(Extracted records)
== Segment start ==
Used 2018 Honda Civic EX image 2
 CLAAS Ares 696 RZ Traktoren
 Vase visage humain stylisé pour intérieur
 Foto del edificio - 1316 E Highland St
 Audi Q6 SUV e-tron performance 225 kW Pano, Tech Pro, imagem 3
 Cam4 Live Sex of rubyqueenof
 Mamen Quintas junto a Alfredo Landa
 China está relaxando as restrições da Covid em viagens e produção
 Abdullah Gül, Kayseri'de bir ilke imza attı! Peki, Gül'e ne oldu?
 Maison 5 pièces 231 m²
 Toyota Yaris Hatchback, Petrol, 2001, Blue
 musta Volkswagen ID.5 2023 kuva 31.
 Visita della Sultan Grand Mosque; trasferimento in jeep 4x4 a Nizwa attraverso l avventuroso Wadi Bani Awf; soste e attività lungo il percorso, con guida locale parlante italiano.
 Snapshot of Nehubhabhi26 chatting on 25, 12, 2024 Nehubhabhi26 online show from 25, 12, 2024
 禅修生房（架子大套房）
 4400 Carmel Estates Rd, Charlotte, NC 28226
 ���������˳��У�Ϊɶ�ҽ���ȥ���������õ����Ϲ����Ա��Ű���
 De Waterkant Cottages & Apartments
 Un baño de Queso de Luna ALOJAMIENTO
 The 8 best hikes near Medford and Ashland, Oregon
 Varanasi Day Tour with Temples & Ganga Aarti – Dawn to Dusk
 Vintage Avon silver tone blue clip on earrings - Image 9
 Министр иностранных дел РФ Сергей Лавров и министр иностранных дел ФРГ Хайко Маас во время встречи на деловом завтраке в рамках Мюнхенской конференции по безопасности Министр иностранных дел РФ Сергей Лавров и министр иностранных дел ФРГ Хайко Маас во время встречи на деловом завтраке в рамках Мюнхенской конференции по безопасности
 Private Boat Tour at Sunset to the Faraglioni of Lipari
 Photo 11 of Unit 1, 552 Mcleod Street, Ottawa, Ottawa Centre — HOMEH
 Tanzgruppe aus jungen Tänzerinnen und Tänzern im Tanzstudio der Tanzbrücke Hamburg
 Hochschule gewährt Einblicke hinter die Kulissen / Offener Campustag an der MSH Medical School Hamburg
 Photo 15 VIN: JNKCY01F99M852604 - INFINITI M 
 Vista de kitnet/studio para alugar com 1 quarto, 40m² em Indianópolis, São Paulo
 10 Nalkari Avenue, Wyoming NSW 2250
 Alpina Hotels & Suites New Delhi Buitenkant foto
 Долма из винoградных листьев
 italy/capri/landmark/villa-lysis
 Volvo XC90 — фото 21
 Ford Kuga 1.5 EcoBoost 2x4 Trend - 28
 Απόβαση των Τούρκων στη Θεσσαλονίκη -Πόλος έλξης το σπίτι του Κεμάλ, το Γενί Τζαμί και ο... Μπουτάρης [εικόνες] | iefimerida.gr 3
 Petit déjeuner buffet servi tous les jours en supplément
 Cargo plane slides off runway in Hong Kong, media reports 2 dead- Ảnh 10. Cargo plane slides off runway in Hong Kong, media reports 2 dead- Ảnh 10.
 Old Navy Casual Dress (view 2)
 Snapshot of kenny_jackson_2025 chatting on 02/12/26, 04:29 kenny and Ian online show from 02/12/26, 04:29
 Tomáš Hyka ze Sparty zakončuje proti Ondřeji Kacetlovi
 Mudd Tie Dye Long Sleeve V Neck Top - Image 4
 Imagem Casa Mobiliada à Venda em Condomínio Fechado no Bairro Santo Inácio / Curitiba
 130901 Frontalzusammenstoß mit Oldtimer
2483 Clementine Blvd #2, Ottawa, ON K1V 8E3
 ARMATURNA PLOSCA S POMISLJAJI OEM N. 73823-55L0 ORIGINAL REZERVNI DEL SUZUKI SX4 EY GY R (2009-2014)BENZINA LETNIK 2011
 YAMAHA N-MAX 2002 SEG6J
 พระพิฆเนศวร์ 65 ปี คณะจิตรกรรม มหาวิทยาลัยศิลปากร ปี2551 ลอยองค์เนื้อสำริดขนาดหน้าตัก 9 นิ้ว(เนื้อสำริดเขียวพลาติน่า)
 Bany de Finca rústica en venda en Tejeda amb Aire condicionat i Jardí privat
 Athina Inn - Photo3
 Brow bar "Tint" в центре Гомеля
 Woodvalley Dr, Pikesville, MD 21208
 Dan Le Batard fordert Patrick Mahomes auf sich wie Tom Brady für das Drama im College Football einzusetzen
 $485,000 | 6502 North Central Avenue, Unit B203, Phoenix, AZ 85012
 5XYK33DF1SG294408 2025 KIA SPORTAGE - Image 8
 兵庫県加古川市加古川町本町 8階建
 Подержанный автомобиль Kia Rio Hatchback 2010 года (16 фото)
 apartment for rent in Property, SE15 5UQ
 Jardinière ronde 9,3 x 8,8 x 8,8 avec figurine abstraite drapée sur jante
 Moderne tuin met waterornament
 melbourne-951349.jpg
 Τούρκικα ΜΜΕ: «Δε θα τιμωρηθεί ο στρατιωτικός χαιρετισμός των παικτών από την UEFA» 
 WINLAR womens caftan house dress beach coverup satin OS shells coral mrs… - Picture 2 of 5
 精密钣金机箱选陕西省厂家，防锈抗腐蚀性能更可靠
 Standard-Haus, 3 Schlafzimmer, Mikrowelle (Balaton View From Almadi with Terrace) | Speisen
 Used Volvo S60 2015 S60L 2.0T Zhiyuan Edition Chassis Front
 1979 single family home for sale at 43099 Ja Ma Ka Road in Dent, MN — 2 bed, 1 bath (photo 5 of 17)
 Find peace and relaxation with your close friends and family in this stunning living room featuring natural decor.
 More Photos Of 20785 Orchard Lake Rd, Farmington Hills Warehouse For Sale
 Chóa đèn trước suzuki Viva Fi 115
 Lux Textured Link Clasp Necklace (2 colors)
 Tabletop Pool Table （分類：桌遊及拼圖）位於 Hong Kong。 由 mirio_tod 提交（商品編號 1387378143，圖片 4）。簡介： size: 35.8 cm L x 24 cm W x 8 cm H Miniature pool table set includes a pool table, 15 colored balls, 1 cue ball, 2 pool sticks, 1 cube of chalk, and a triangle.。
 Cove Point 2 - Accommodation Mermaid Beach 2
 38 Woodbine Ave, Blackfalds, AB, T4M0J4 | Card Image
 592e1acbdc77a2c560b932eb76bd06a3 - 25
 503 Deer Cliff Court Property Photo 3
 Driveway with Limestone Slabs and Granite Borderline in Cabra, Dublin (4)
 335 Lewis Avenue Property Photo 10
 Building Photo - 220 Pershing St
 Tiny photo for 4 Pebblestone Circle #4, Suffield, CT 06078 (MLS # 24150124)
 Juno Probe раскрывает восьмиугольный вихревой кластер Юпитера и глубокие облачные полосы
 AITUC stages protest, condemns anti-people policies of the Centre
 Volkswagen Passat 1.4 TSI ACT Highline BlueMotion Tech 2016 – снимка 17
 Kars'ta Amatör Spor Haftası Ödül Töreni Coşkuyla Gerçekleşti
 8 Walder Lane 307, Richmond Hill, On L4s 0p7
== Segment end ==
▶ _What needs to be done_
Search the entries for "Kong" and copy out each line that has it.

▶ _Output for this exercise_
 Cargo plane slides off runway in Hong Kong, media reports 2 dead- Ảnh 10. Cargo plane slides off runway in Hong Kong, media reports 2 dead- Ảnh 10.
 Tabletop Pool Table （分類：桌遊及拼圖）位於 Hong Kong。 由 mirio_tod 提交（商品編號 1387378143，圖片 4）。簡介： size: 35.8 cm L x 24 cm W x 8 cm H Miniature pool table set includes a pool table, 15 colored balls, 1 cue ball, 2 pool sticks, 1 cube of chalk, and a triangle.。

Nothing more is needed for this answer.